The party also wants the National Audit Office to see whether the contracts, signed in 2016 and last year, can be cancelled due to a failure by Sadeen to respect its legal obligations. 

The request to the NAO was made by the PN members of parliament's Public Accounts Committee and substitute members, through a seven-page statement.

The government granted Sadeen an emphyteutical grant of 13,334 sq/m of land in Cospicua and 31,000 sq/m of land in Żonqor on March 11, 2016 but agreed on the alteration to the contract in September 2022, when Sadeen gave up its land in Żonqor in exchange for 31,547 sq/m of land at SmartCity.

The deals were beset by controversy from the very start, with massive public protests objecting to plans to build a campus on countryside land at Żonqor point and multiple reports revealing AUM failures in attracting students.  

The auditor was asked to investigate whether the process leading up to the two contracts was fair and whether the principles of good governance had been observed.

He was also asked to investigate if Sadeen had abided by its contractual obligations and whether the government had exercised proper due diligence and good governance when it granted even more favourable terms for the company in last year's contract.  

The PN MPs observed that in contrast to the first contract, in the second contract, Sadeen enjoyed a perpetual, rather than temporary emphyteusis on the land granted to it, and this emphyteusis could be redeemed based on a price of 47c per square metre. The land could then be used for whatever the company wished.

The auditor was asked to establish whether this was a fair price for the land or whether it was an advantageous rate, to the detriment of the public purse.

The auditor was also asked to establish whether another 'secret' 2015 contract granting a further 3,022 square metres of land at Żonqor, and signed between then OPM chief of staff Keith Schembri and Hani Saah for Sadeen was fair, coherent and based on good governance.
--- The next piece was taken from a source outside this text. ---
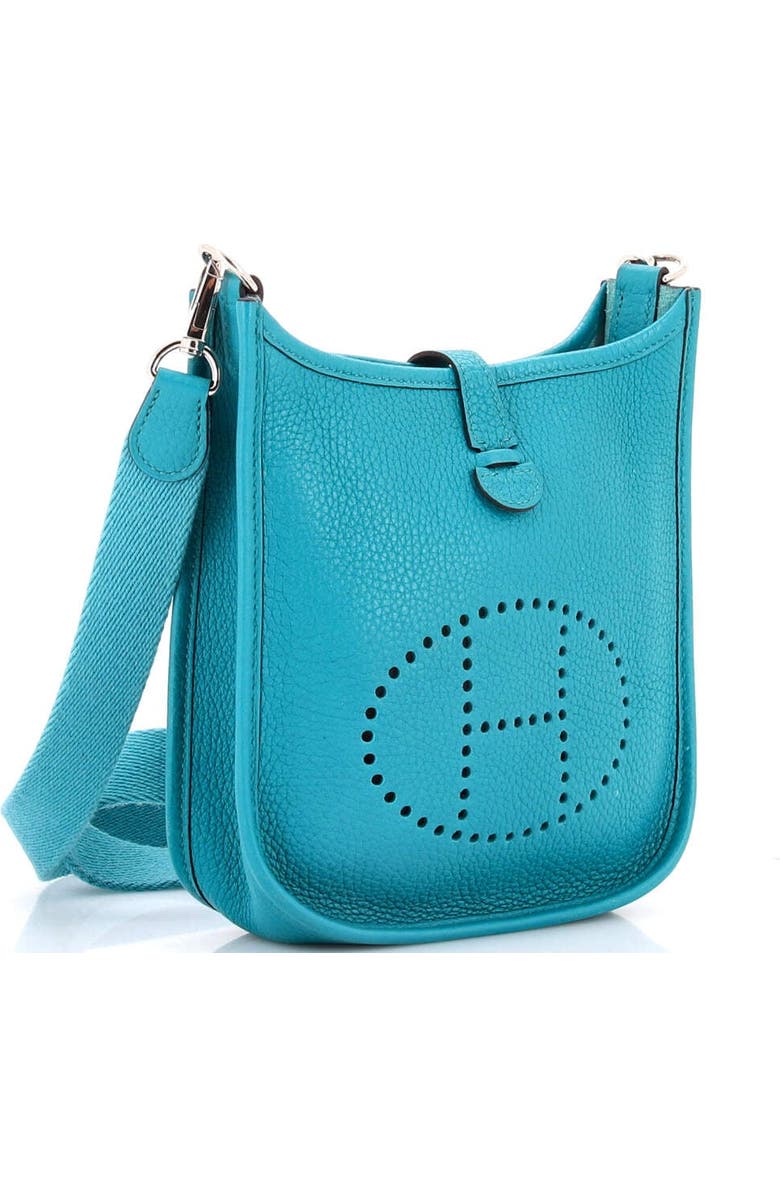 Pre-Owned Hermes Evelyne Bag Gen III Clemence TPM, Alternate, color, Bleu Paon
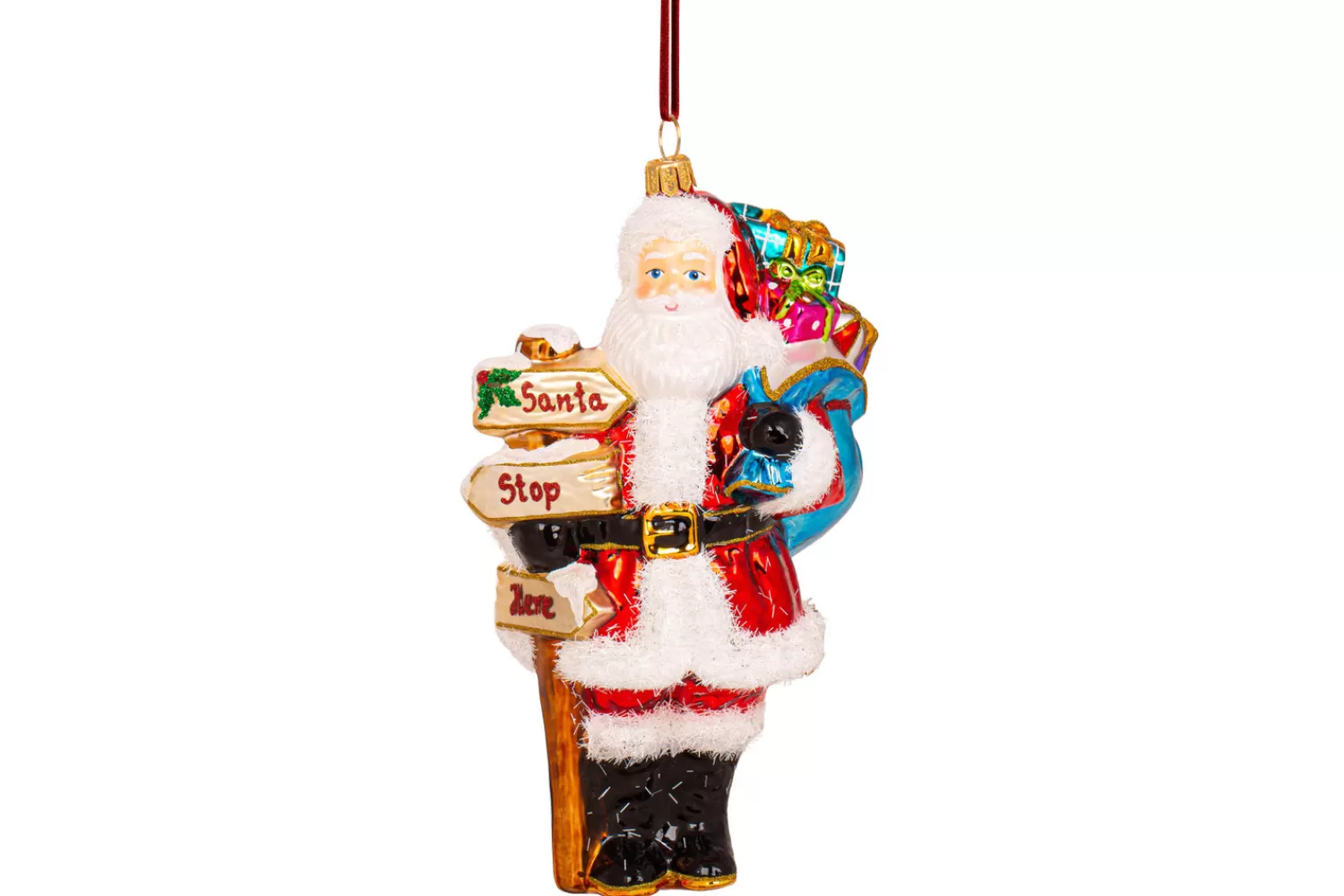 Online Treetime Huras Family Santa Stop Here Ornament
Furthermore, the auditor was asked whether the government could unilaterally terminate all the contracts with Sadeen given that the organisation had failed to observe its contractual obligations, including minimum employment and student levels, thus also making last year's land concession unjustified.

The PN request was signed by Darren Carabott, president of the Public Accounts Committee, members David Agius, Rebekah Borg and Graham Bencini and the shadow minister for justice, Karol Aquilina.